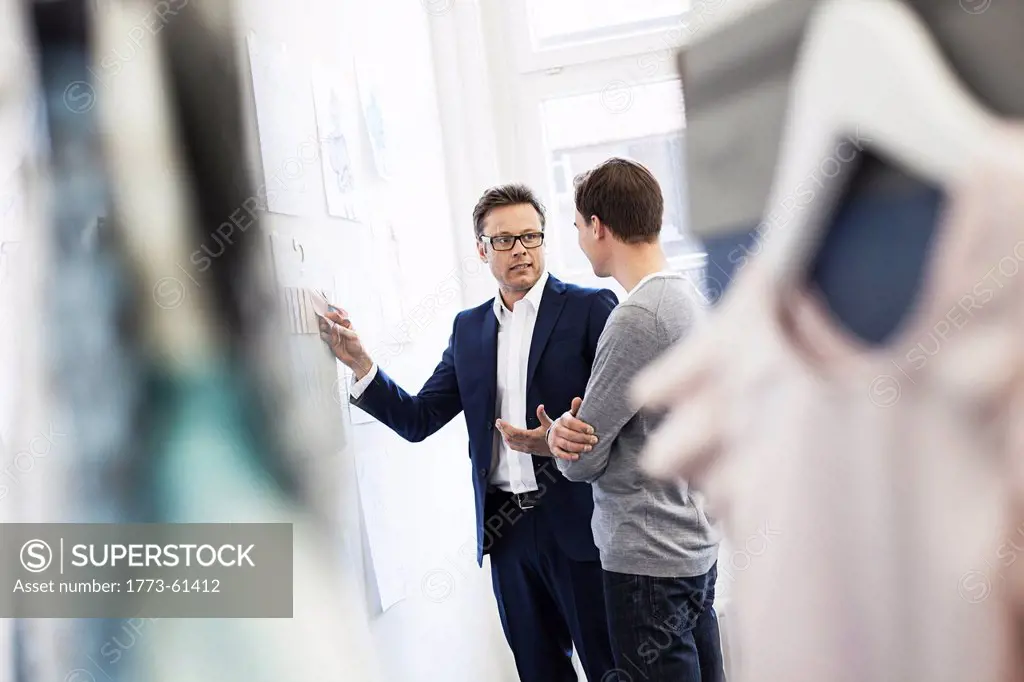 Businessman taking pictures in office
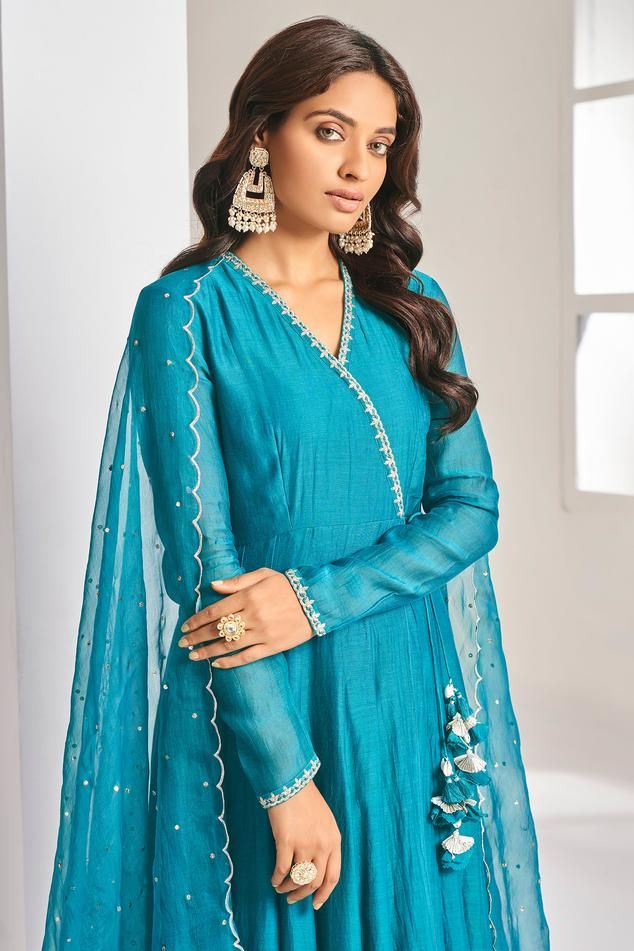 Olympic blue soft chanderi angrakha anarkali with aari, pita and mukaish embroidered neckline. Comes with pant and a dupatta.
Components: 3
Pattern: Embroidered
Type Of Work: Aari, Pita, Mukaish
Neckline: V Neck
Sleeve Type: Full
Fabric: Anarkali: Soft chanderi, Pant: Cotton stretch, Lining: Chanderi
Color: Blue
Other Details: 
Attached lining
Length:
Anarkali: 52 inches
Sleeves: 23 inches
Pant: 38 inches
Dupatta: 2.5 mtrs
Occasion: Mehendi and Haldi - Aza Fashions Angrakha Anarkali, Blue Anarkali, Types Of Work, Embroidered Neckline, Blue Soft, Set For Women, Pita, Anarkali, Aza Fashion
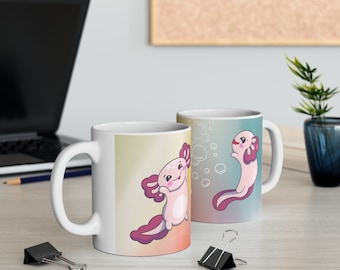 May include: Two white ceramic mugs with colourful designs featuring cartoon axolotls. One mug has a pink axolotl with purple fins and the other has a pink axolotl with red fins. Both mugs have a gradient background with white bubbles.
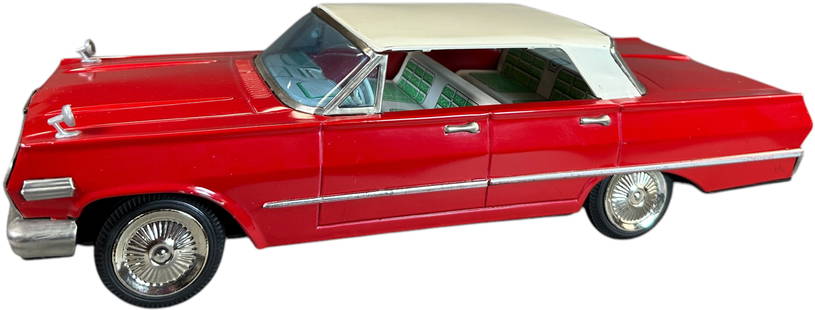 NOMURA 1963 CHEVROLET IMPALA: 13. NOMURA 1963 CHEVROLET IMPALA | Japan, friction driven. | 17.5" l. | Very little signs of use, rear windshield shows slight bending, (Near Mint Condition) | $250 - $500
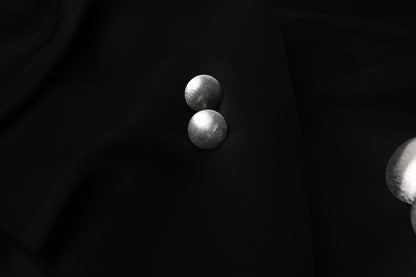 Minimalist Handcrafted Frosted Silver Ear Stud — round frosted studs on black fabric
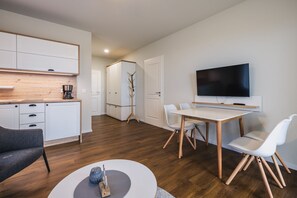A modern, well-lit living room with a dining area, a TV mounted on the wall, and a coat rack. - Haus Zingst, Appartement 23 für bis zu 4 Personen. - Haus Zingst (Fuhlendorf)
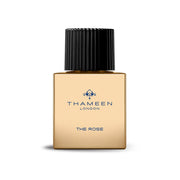 A bottle of Thameen London 'The Rose' perfume with a gold color and a black cap.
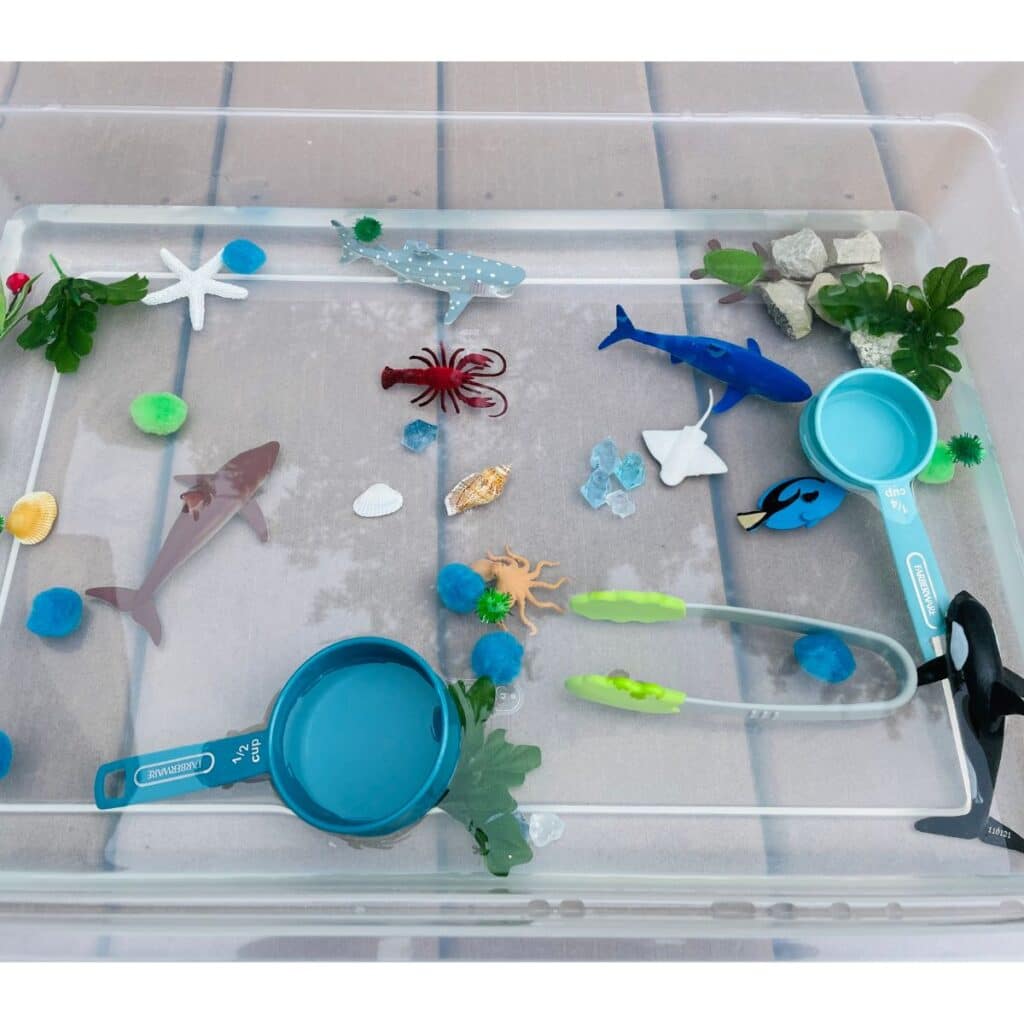 ocean sensory play idea - container filled with water, sea creatures, pom poms, gems, rocks, and more!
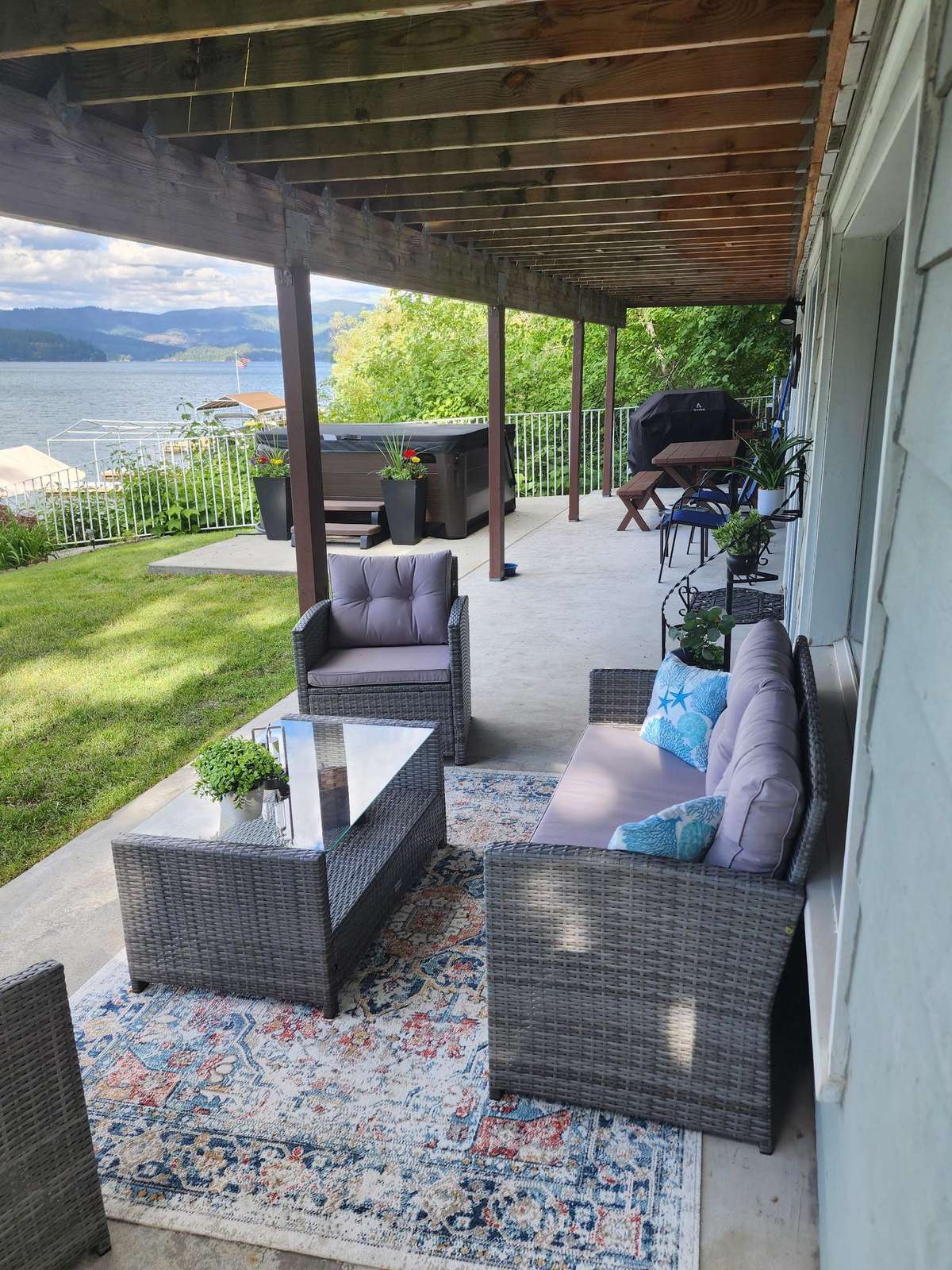 Covered lakeside patio features gray wicker seating with lavender cushions and patterned area rug.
========================================================================
### Directions for this task:
Among the lines above, which hold the word "Work"? Report each one.

### The answer:
Type Of Work: Aari, Pita, Mukaish
Occasion: Mehendi and Haldi - Aza Fashions Angrakha Anarkali, Blue Anarkali, Types Of Work, Embroidered Neckline, Blue Soft, Set For Women, Pita, Anarkali, Aza Fashion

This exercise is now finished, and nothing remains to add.